International carbon leakage
Our additional findings, alongside Di Maria et al. (2012), give reason to believe that there is little danger of an increase in domestic emissions in response to imperfect climate policies, when implemented in industrialised countries. More danger may come from international carbon leakage. When industrialised countries reduce their demand for fossil fuels, international prices may fall, inducing an increase in demand from other countries. In addition, domestic policies may increase the price of energy-intensive goods produced in industrialised countries, which may increase the demand for such goods produced in countries without emission reduction policies. Both channels may induce an increase in CO2 emissions in the latter group of countries, thereby (partly) offsetting the emission reductions of countries with demand-reducing policies. It seems that the restrictions mentioned above apply less to developing countries than to industrialised countries – especially where existing environmental regulation and local planning consent policies may be absent.
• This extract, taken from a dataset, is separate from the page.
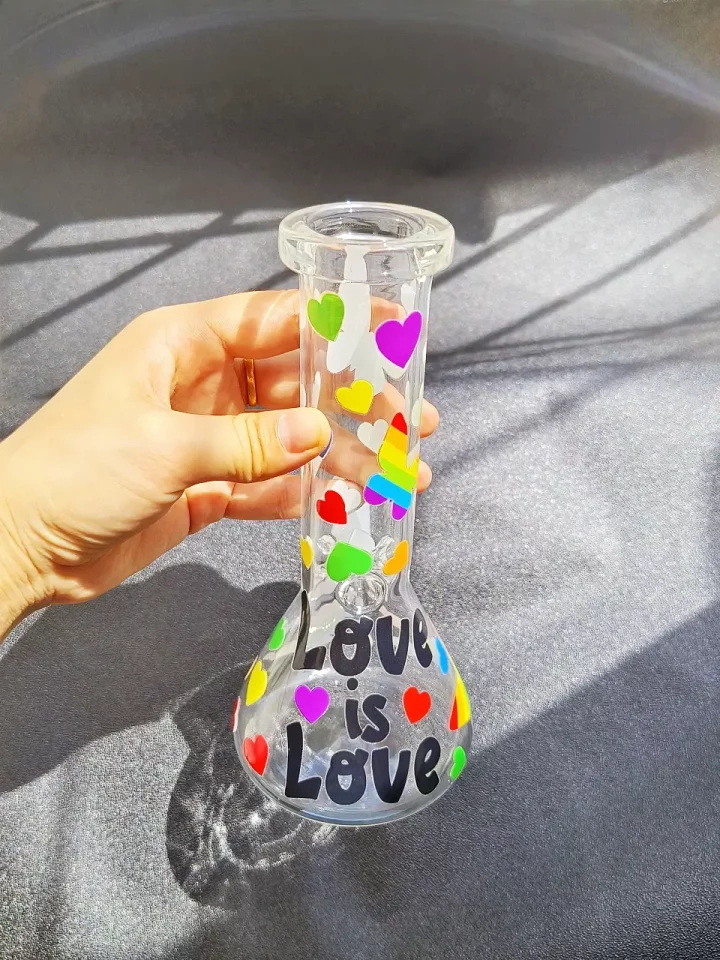 Love Is Love Rainbow Heart Glass Bong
There is much scope for improvement in current climate policies of industrialised countries (Helm 2012), especially in preventing emissions leakage, but imperfect climate policies are not likely to induce a green paradox from domestic emissions.
Di Maria, C, I Lange, and Van der E Werf (2012), “Should we be worried about the green paradox? Announcement effects of the Acid Rain Program”, CESifo Working Paper, 3829.
Helm, D. (2012), The carbon crunch: how we're getting climate change wrong – and how to fix it, New Haven, Yale University Press.
Sinn, H W (2007), “Greenhouse gases: Demand control policies, supply and the time path of carbon prices”, VoxEU.org, 31 October.
Sinn, H W (2008), The green paradox: a supply-side approach to global warming, Cambridge, MA, MIT Press.
Van der Werf, E, and Di Maria, C (2012), “Imperfect environmental policy and polluting emissions: the Green Paradox and beyond”, International Review of Environmental and Resource Economics, 6(2), 153–194.